> **PROVIDED RECORDS**

========================================

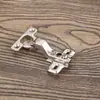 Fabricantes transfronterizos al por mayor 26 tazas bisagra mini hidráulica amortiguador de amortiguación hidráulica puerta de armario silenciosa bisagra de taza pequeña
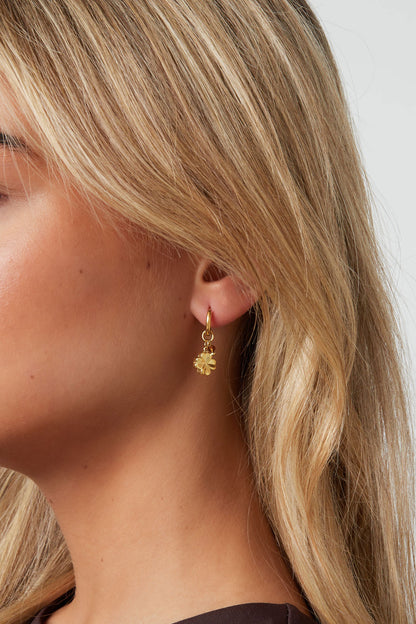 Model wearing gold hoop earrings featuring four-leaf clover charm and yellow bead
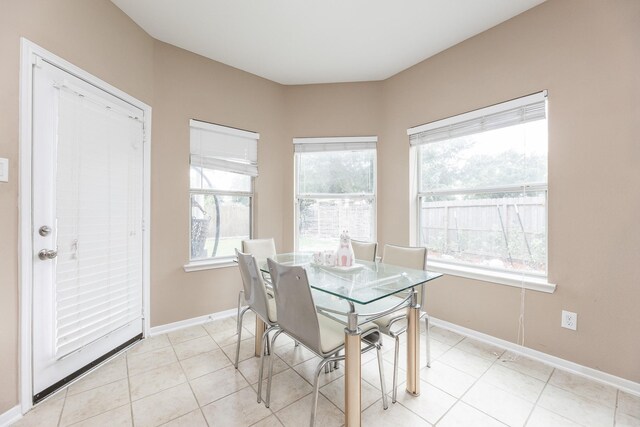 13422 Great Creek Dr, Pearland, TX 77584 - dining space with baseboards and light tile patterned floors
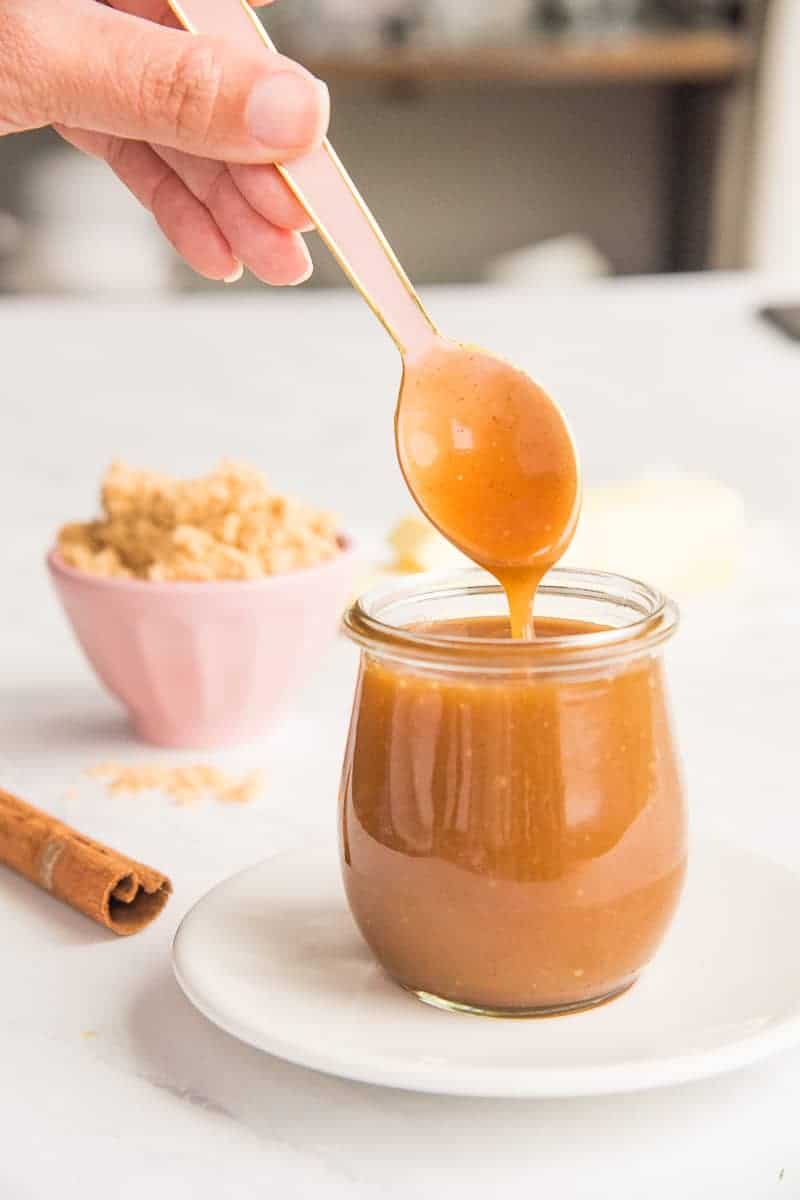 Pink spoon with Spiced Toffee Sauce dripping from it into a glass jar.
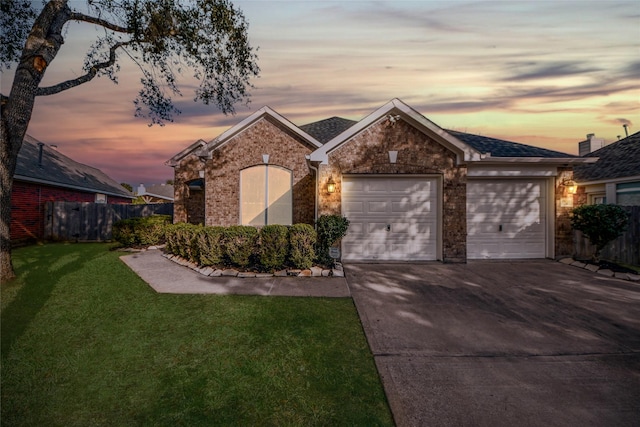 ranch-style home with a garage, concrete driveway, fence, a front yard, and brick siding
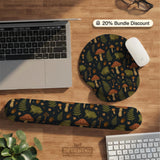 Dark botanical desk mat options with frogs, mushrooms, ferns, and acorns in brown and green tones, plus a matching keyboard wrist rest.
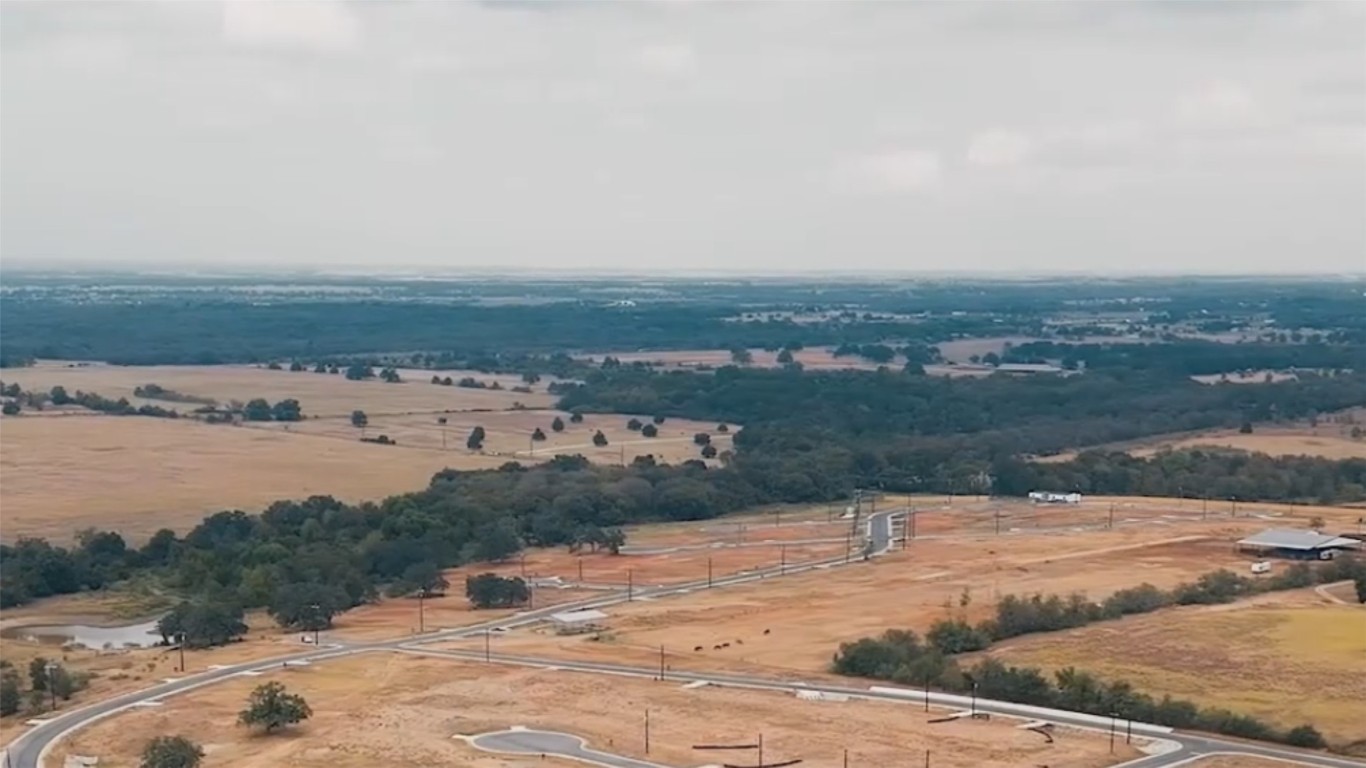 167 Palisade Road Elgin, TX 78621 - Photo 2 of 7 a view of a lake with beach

========================================

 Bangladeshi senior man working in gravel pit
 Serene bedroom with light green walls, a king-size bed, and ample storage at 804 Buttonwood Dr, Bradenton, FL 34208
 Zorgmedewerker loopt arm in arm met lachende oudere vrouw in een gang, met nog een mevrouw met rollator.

========================================

> **TASK TO CARRY OUT**
Exact copy, pictures excluded: every line above from the one containing "Fabricantes transfronterizos al" to the one containing "167 Palisade Road", inclusive, and nothing more.

> **FINISHED TASK**
 Fabricantes transfronterizos al por mayor 26 tazas bisagra mini hidráulica amortiguador de amortiguación hidráulica puerta de armario silenciosa bisagra de taza pequeña
 Model wearing gold hoop earrings featuring four-leaf clover charm and yellow bead
 13422 Great Creek Dr, Pearland, TX 77584 - dining space with baseboards and light tile patterned floors
 Pink spoon with Spiced Toffee Sauce dripping from it into a glass jar.
 ranch-style home with a garage, concrete driveway, fence, a front yard, and brick siding
 Dark botanical desk mat options with frogs, mushrooms, ferns, and acorns in brown and green tones, plus a matching keyboard wrist rest.
 167 Palisade Road Elgin, TX 78621 - Photo 2 of 7 a view of a lake with beach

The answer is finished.